Shivers in Sporthorses

Potential causes and effects of this ill-defined movement disorder.

What is shivers? What is it caused by and how does it affect sporthorses? What are the physical limitations, side effects and the affect on performance or resale value?

Shivers is an ill-defined movement disorder of horses. The classic presentation is a horse who has difficulty coordinating his hind limbs when asked to back up and in doing so will rapidly pick up a hind leg in an exaggerated fashion. Affected horses typically hold the leg in the air for several seconds to a minute before rapidly placing it back on the ground. The limb is usually held in extreme flexion through the hock and stifle, though some horses will instead hyperextend the limb. 

Many horses can maintain successful athletic careers as show jumpers and dressage horses, especially in the early stages of the disease.

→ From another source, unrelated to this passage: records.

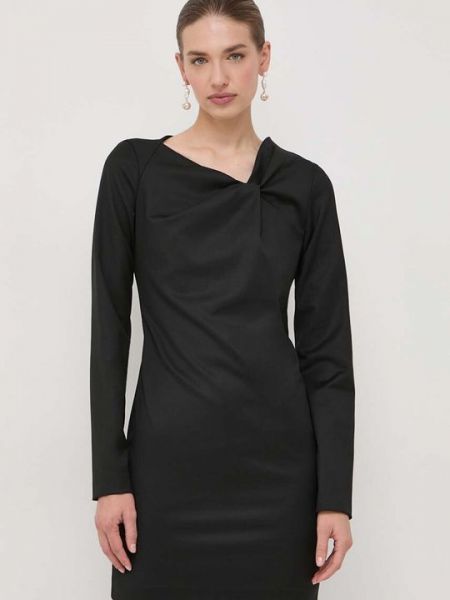 Платье Trussardi черное
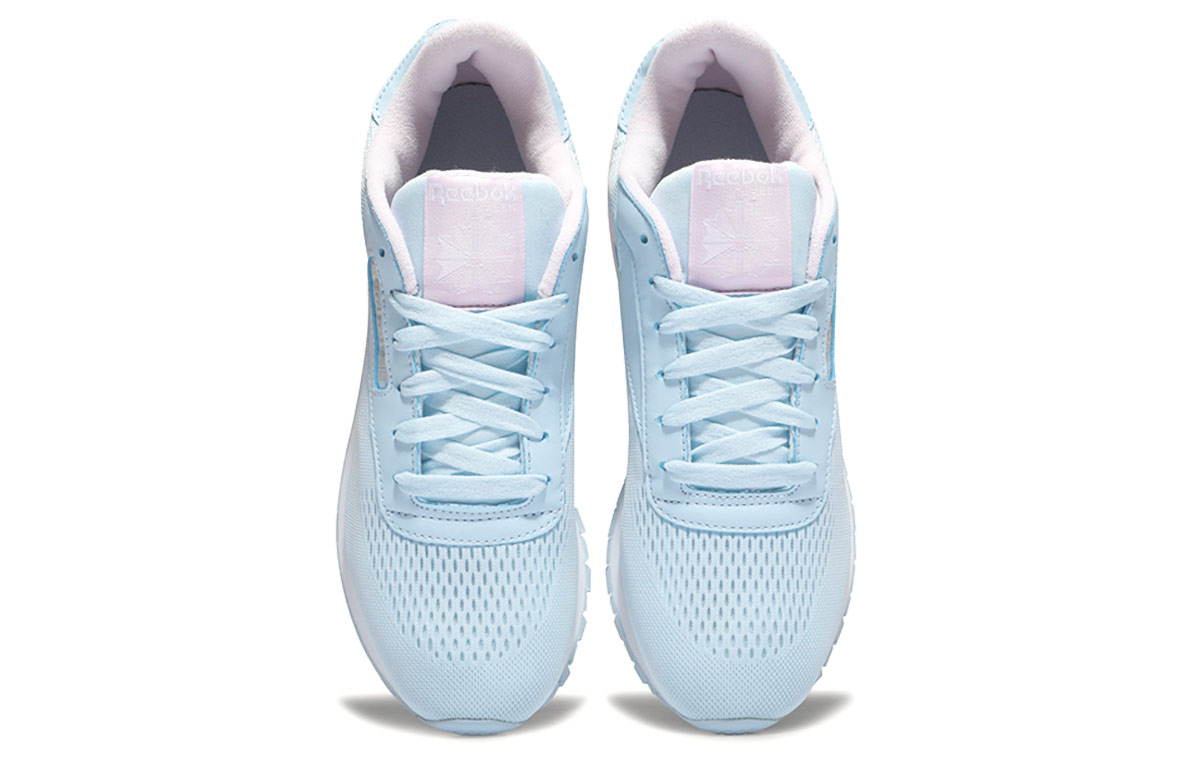 Purchase (W) (レディース) リーボック クラシック レザー メッシュ 'ブルーランナー' FX5779 FX5779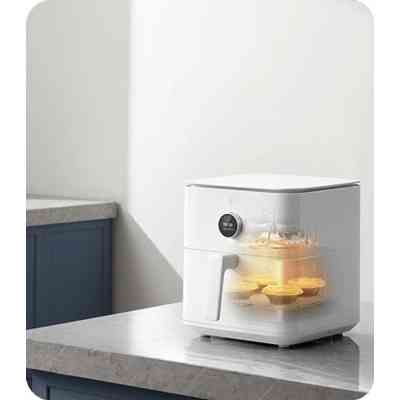Мультипечь Xiaomi Smart Air Fryer MAF10 White (6.5L) Винница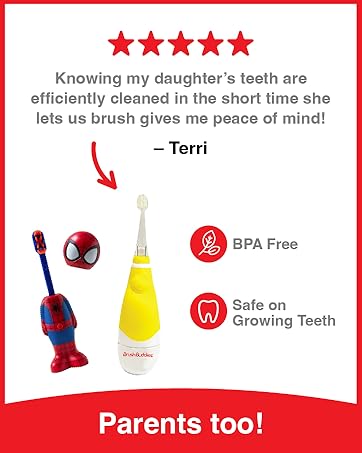 Brush Buddies Brand Focus Image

Many shivers-affected horses will not only overflex the elevated limb but hold their hind limb away from their body (abduct), and their muscles frequently tremble while holding the leg up. Some horses will quiver their tail or hold their tail extended while simultaneously holding their limb in the air. There is also a segment of horses for which the presenting sign is reluctance or inability to have the leg picked up by a handler. While the abnormal hind limb movement is most often demonstrated when the horse is asked to back up, some horses will hyperflex a hind limb in the first few strides of forward walking, especially after standing in place for a period of time, for example in the cross-ties.

Shivers most often affects warmbloods and draft breeds, though it has been reported in Thoroughbreds and other light breeds. It is suspected to have a genetic component.

Frustratingly, the exact cause of this movement disorder remains unknown. A recent investigation was able to identify degeneration of a specialized nerve cell type (Purkinje fibers) in a portion of the brain (the cerebellum) of horses affected with shivers that was not present in normal horses, but there is still no explanation for why this happens. Unfortunately, there is also no specific diagnostic test to confirm a horse has shivers, and so it becomes a diagnosis of exclusion. A veterinarian first has to eliminate lameness or a neurological condition as the cause of the gait abnormality. Only after those possibilities have been eliminated and the movement closely compared to other atypical limb movements (such as stringhalt, fibrotic myopathy or a locking stifle) can the label of shivers be applied. It can be hard to differentiate shivers from other movement disorders that affect horses, especially stringhalt. One distinction is whether the abnormal hind limb movement continues at the trot. Shivers uniquely only affects horses at the walk, while stringhalt will also affect horses at the trot.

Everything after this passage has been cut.